Serial dokumenter dimulai dengan perjalanan naik kapal ke Bali dan Ternate. Perjalanan yang dulu pernah dibuat ibunya ketika masih berusia 22 tahun.

Di Ternate, serial itu menyorot masalah antara warga Kristen dan Muslim. Masalah yang sebenarnya ditinggalkan Belanda yang dulu mencari rempah-rempah. "Namun, serial ini bukan semuanya tempo doeloe, mungkin dua menit saja yang menyorot tempo doeloe."

Adriaan juga mengunjungi Sumatra, tempat ayahnya bekerja membangun jalur kereta api. Di tengah-tengah rimba, ada sebuah lokomotif. "Di tempat itu saya tidak merasa apa-apa." Namun ketika Adriaan mengunjungi kamp, tempat ibunya ditahan, Adriaan menjadi sangat emosional.

"Kamp itu sekarang menjadi sekolah. Anak-anak bermain di tempat kakak saya dulu bermain."
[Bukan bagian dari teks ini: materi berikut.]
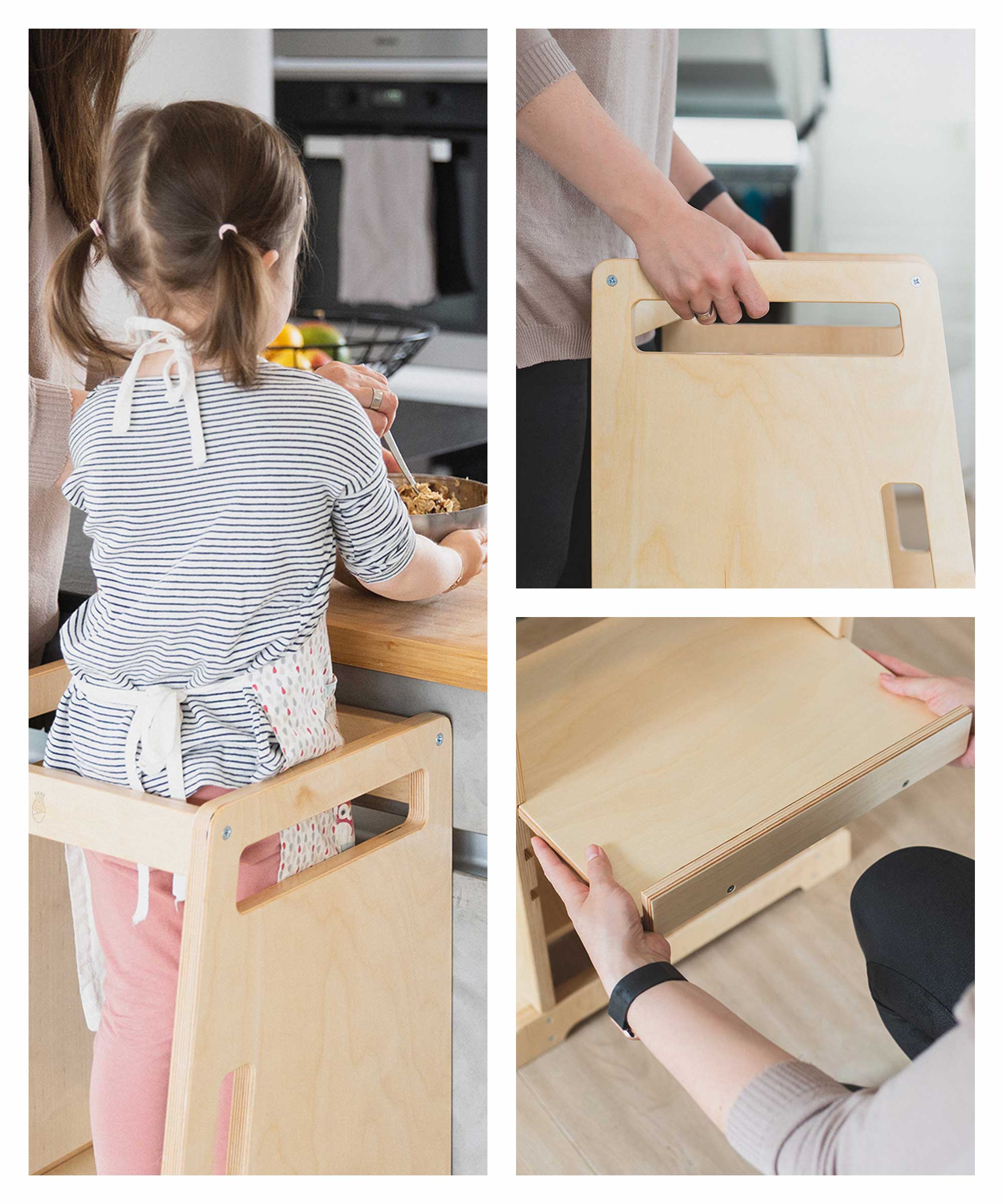 ehrenkind-lernturm-classic-birke-b-ware-montessori-turm-f-r-kinder image 4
Di Indonesia semuanya bisa, kata Adriaan. Namun, tambahnya, masih banyak yang harus berubah, misalnya prasarana. 

"Saya sudah 20 kali ke Jakarta, jika ditotal, kena macet selama tiga hari penuh. Kondisi jalan di Sumatra sangat buruk. Untuk menempuh jarak 220 kilometer, saya harus duduk di mobil selama sembilan jam."

Semakin Islam

Adriaan juga melihat awan gelap di atas Indonesia. Semakin fundamentaliskah Indonesia? Ataukah negeri itu menjadi demokrasi terbuka di mana Islam agama terpenting?
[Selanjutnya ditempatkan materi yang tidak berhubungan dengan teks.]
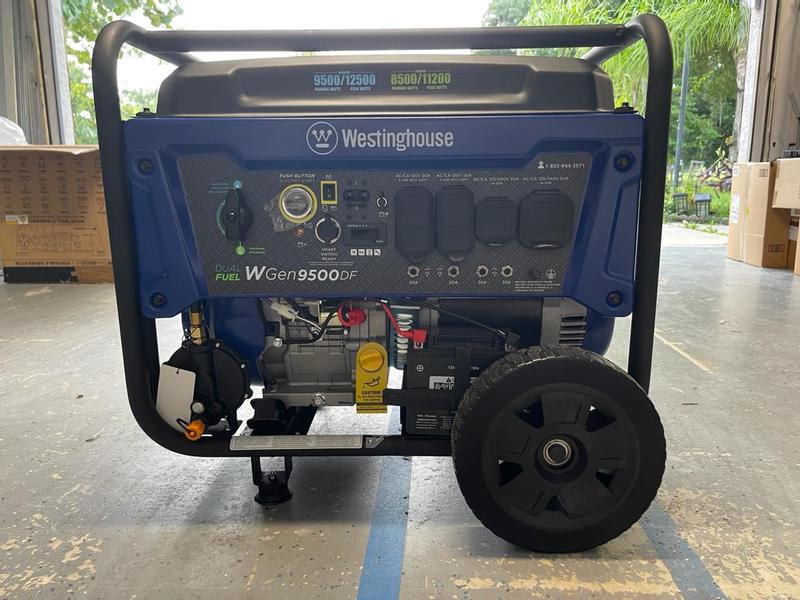 Westinghouse WGen10500TFc - Tri-Fuel with CO Sensor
"Semua orang yang kami ajak ngobrol, juga cemas tentang hal itu. Di Ternate, setiap 50 meter ada sebuah mesjid, dibiayai jemaat di luar negeri. Pulau itu miskin, mengenal tingkat pengangguran yang tinggi di antara laki-laki muda. Dalam situasi seperti itu orang mencari keselamatan melalui agama. Jika dibandingkan dengan 15 tahun lalu, Indonesia jelas semakin Islam," ungkap Adriaan.*
Share on :

0 comments:

 
© Copyright Panitia Hari Kiamat 2011 - Some rights reserved | Powered by Blogger.com.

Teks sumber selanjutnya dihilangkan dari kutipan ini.